# Playing around with different margins

In building a margin for ZTF, we wanted to generate at 10 arcseconds. But I wanted to also check with the default margin distance of 5 arcseconds. This notebook just looks at comparing the two data sets of margins. 

Maybe Sean can use both/either margins to see if the cross-match changes much using different margins.

In [1]:
import pandas as pd
from hipscat.catalog.healpix_dataset.healpix_dataset import HealpixDataset
from hipscat.io import file_io, paths

margin_5arcs = "/data3/epyc/data3/hipscat/test_catalogs/ztf_dr14_5arcs"
margin_10arcs = "/data3/epyc/data3/hipscat/catalogs/ztf_dr14_10arcs"

small_margin = HealpixDataset.read_from_hipscat(margin_5arcs)
big_margin = HealpixDataset.read_from_hipscat(margin_10arcs)

In [2]:
small_margin.catalog_info.total_rows

2553574

In [3]:
big_margin.catalog_info.total_rows

5220930

The "small" margin catalog was generated using a 5 arcsecond margin distance, and the "big" margin catalog was generated using a 10 arcsecond distance.

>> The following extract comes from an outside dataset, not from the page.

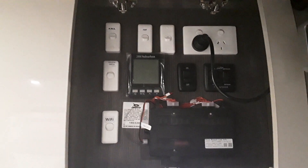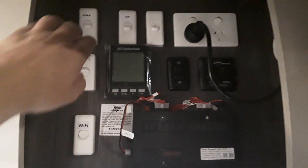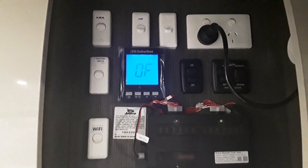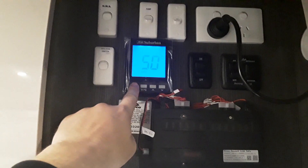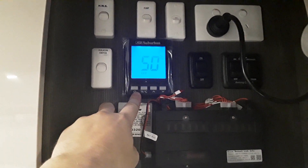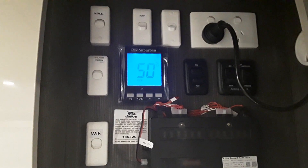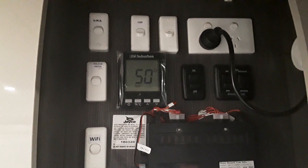First thing we will do is have our gas bottles on. Once the gas is switched on, we hit our hot water isolation switch and you can see the unit lights up. Now when it has the 'OF' it's not running. When you see the temperature display, it's waiting to be used. Then it's just a matter of going to your hot water tap, turning the hot water on, and it will ignite and heat the water as it's being used.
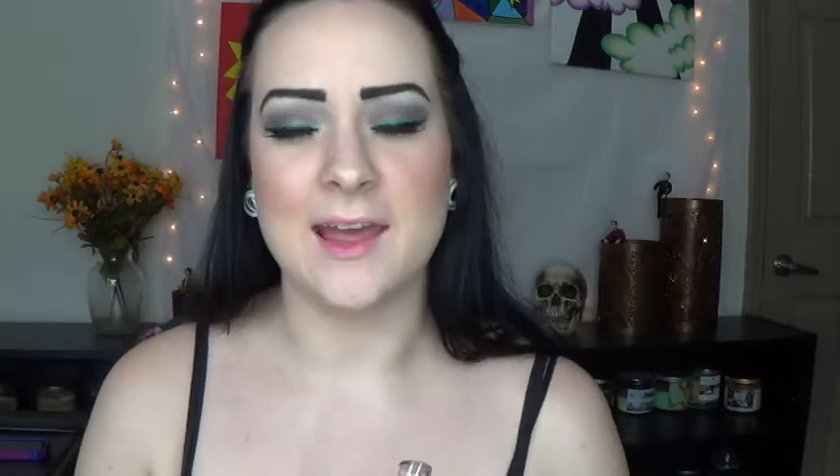Alrighty, so the eyes are done. Now the last thing we have to do is the lips. This is a Wet n' Wild Lipstick from the Fergie Collection and the color is Ferguson Crest Cabernet — a really, really dark purple. I'm going to use this Jordana Kohl Eyeliner Pencil in 02 Black to actually outline my lips, and I'll probably try to ombre it on my lips a little bit. Then I'll go over the top of it with the lipstick.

Naively, I would expect that the "big" one would have a little more than twice as many points as the smaller one.

And what do you know:

In [4]:
big_margin.catalog_info.total_rows / small_margin.catalog_info.total_rows

2.044557941144451

I'd also expect that the two catalogs will have the same pixel list.

In [5]:
assert big_margin.partition_info.get_healpix_pixels() == small_margin.partition_info.get_healpix_pixels()

And I'd expect each pixel to have more in the "big" margin, but otherwise look about the same.

So let's pick one:

In [10]:
sample_pixel = small_margin.partition_info.get_healpix_pixels()[502]
sample_pixel

Order: 3, Pixel: 178

In [11]:
sample_pixel_small = paths.pixel_catalog_file(margin_5arcs, sample_pixel.order, sample_pixel.pixel)
small_margin_data = pd.read_parquet(sample_pixel_small)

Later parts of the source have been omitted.